Per me viaggiare è l’equivalente dell’effetto che l’ossigeno ha sugli alberi… vitale, come l’acqua.
Hanno provato in tanti a descrivere questo bisogno che alcuni di noi sentono, questo richiamo verso luoghi sconosciuti, culturalmente diversi da noi. C’è chi la definisce fuga, chi lo chiama “wanderlust”, io preferisco chiamarla voglia di conoscere ed esplorare il mondo in tutta la sua interezza ed unicità.
Ritrovo un pezzo di me ogni volta che varco un nuovo confine e pertanto non potrei mai farne a meno. Ma questo articolo non vuole parlare di viaggi, almeno non solo!
A gennaio sono stata in Cambogia: «Cambodge, pays du sourire» dicono.
E’ il più piccolo Paese dell’Indocina, incastonato tra Vietnam, Laos e Thailandia, dove ho potuto constatare quanto mai detto fu più vero.
Forse i più conoscono Angkor Wat, grazie anche al film Tomb Raider con Angelina Jolie, ma questo sito archeologico è solo il punto di partenza. Ci sono montagne selvagge dove vivono tigri ed elefanti, spiagge tropicali senza una persona come quelle che non si vedono quasi più, campi di riso e palme, il grande fiume Mekong…
La Cambogia si sta ancora riprendendo dalla profonda ferita inferta solo 30/40 anni fa per mano del regime di Pol Pot, che con i suoi Khmer Rouge sterminò 2 milioni di persone in circa quattro anni, ovvero un terzo della popolazione dell’epoca.
Ma oggi non è più solo una veloce tappa culturale al complesso di Angkor per poi volare in Thailandia o rifugiarsi sulle spiagge del Vietnam, da qualche anno si sta verificando un’inversione di tendenza e il millenario sito archeologico, riconosciuto patrimonio dell’umanità dall’UNESCO (1992), non è che l’inizio dell’avventura.
Io stessa sono partita proprio col visitare i templi antichi nascosti ed incastonati tra alberi dalle radici avvolgenti e millenarie, per poi spostarmi nell’entroterra fino a scendere al sud verso la costa dove ci si può imbarcare con mezzi direi quasi di fortuna per una delle isole al largo del Golfo del Siam per poi terminare il viaggio nella “moderna” capitale Phnom Penh.

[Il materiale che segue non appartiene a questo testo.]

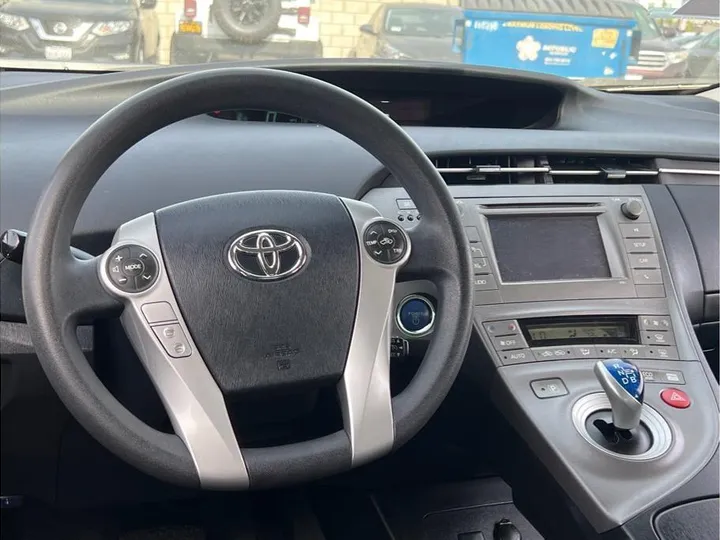 WHITE, 2015 TOYOTA PRIUS Image 15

La cambogia è vera, autentica, selvaggia. Lo si può anche notare dai suoi interni, lodge e resort dal gusto tropicale. Allora quale ispirazione migliore per creare atmosfere indimenticabili se non quella di una tradizionale farmhouse cambogiana.
Gusto rustico e charm inconfondibile, ritroviamo materiali naturali come tetti di paglia, legnami e mobili in legno di deriva. Un mix straordinario che ci fa respirare l’aria della libertà e del relax in mezzo al verde della giungla e l’azzurro del mare.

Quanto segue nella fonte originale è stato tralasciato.